Metro Vancouver’s housing market has been assessed as “highly vulnerable” for the eighth consecutive quarter by the Canada Mortgage and Housing Corporation (CMHC).
In its latest Housing Market Analysis, which was released April 26 but assesses activity in 2017’s fourth quarter, CMHC said it “detected a high degree of vulnerability” in Metro Vancouver’s market, driven by overvaluation, price acceleration and overheating.
The report said, “Tight market conditions, reflected in our detection of moderate overheating, particularly for lower-priced properties, continue to exert upward pressure on the prices of homes. This can create affordability challenges for households with average local incomes. Rising prices for homes in the sub-$1 million market segment, coupled with rising mortgage rates, have eroded overall affordability further, accentuating CMHC’s valuation models’ detection of overvaluation in the Metro Vancouver housing market.”

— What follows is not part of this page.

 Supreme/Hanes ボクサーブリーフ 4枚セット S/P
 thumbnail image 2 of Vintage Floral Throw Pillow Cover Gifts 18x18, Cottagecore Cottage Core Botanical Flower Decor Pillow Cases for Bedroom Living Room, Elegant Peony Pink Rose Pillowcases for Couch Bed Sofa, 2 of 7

It added, “Demand and supply fundamental factors such as population, income, financing costs and land supply cannot account for the current price levels.”
The quarterly Housing Market Analysis analyzes real estate markets across Canada, assessing a combination of four key risk factors: overheating, when demand for homes in the region outpaces supply; sustained acceleration in house prices; overvaluation of house prices in comparison with levels that can be supported by economic fundamentals; and overbuilding, when the inventory of available homes exceeds demand.
The only area where the risk was seen as low in Metro Vancouver was overbuilding. “Despite record-breaking new home construction over the past two years, new home inventories remain low as developers have not been able to keep up with the demand,” said the report.
Eric Bond, report author and principal of market analysis at CMHC, observed that Metro Vancouver’s market varies considerably depending on property type. He wrote, “The majority of the sales-to-available[-listings] ratios for townhouses and apartments remained well within sellers’ territory, as high demand continued to exist for these home types due to their relative affordability in comparison to single-detached homes. In the past two years it has become clearer that the difference in market conditions between property types and locations is primarily determined by affordability.”
Despite Canada as a whole being assessed as at “moderate risk” in price acceleration and overvaluation, and at “low risk” in overheating and overbuilding, the CMHC pegged the country’s housing market at “high risk” overall, for the seventh straight quarter. The report said that it was the “persistence” and combination of price acceleration and overvaluation that led to this assessment.
Victoria Census Metropolitan Area (CMA) was also assessed as at high risk overall, with the same ratings in each of the four factors as Metro Vancouver.
Alberta and the Priarie cities were assessed as at moderate risk, with Winnipeg the exception at low risk. Toronto and Hamilton CMAs were both assessed as at high risk, their patterns almost identical to those of Vancouver and Victoria CMAs. Low risk of market correction was assessed in all the other cities, including Halifax, Québec and Montréal – with the caveat that the CMHC will increase Montréal’s risk assessment next quarter if prices continue to rise.